__What you should do__
For the records that follow, please set down exactly the lines between the one holding "519 Bethel Ave — Photo 12" and the one holding "Volkswagen Golf - 1.4", inclusive, and only those.

__Records provided__
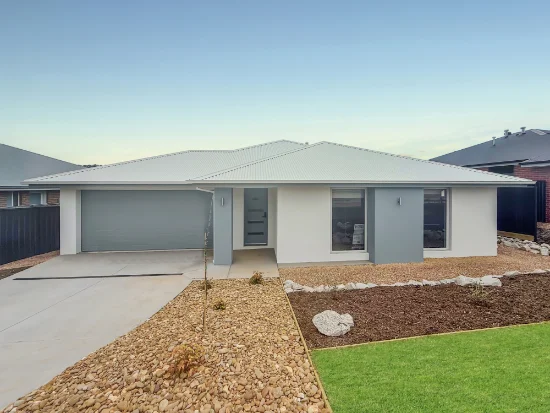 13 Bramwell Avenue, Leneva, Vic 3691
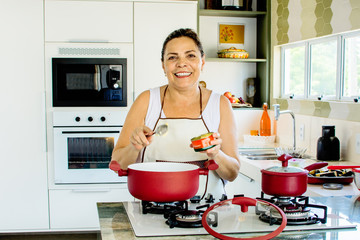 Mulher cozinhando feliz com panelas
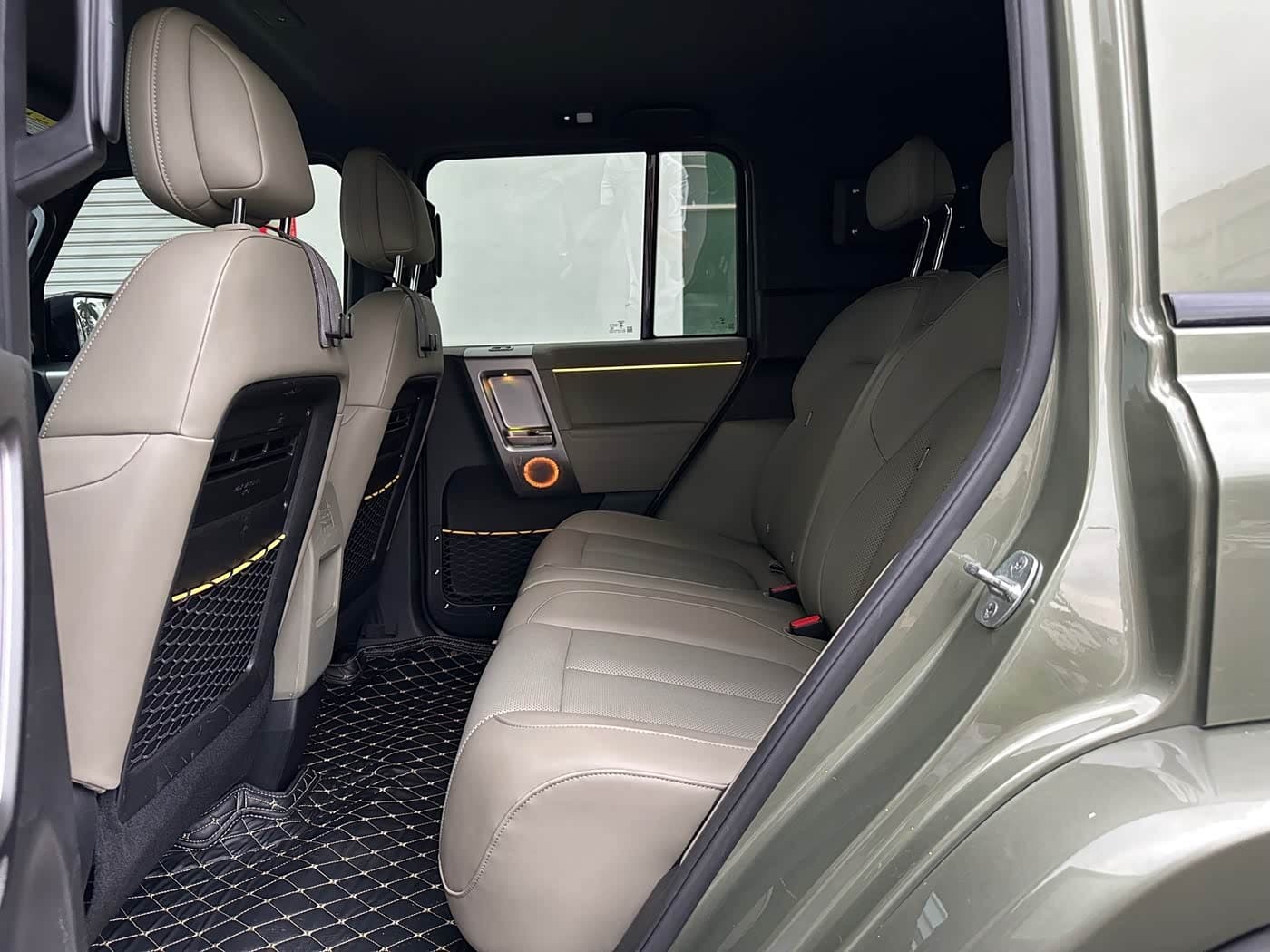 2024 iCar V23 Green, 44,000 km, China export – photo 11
==
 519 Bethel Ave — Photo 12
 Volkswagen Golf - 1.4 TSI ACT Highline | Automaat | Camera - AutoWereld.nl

__Solution to this task__
 519 Bethel Ave — Photo 12
 Volkswagen Golf - 1.4 TSI ACT Highline | Automaat | Camera - AutoWereld.nl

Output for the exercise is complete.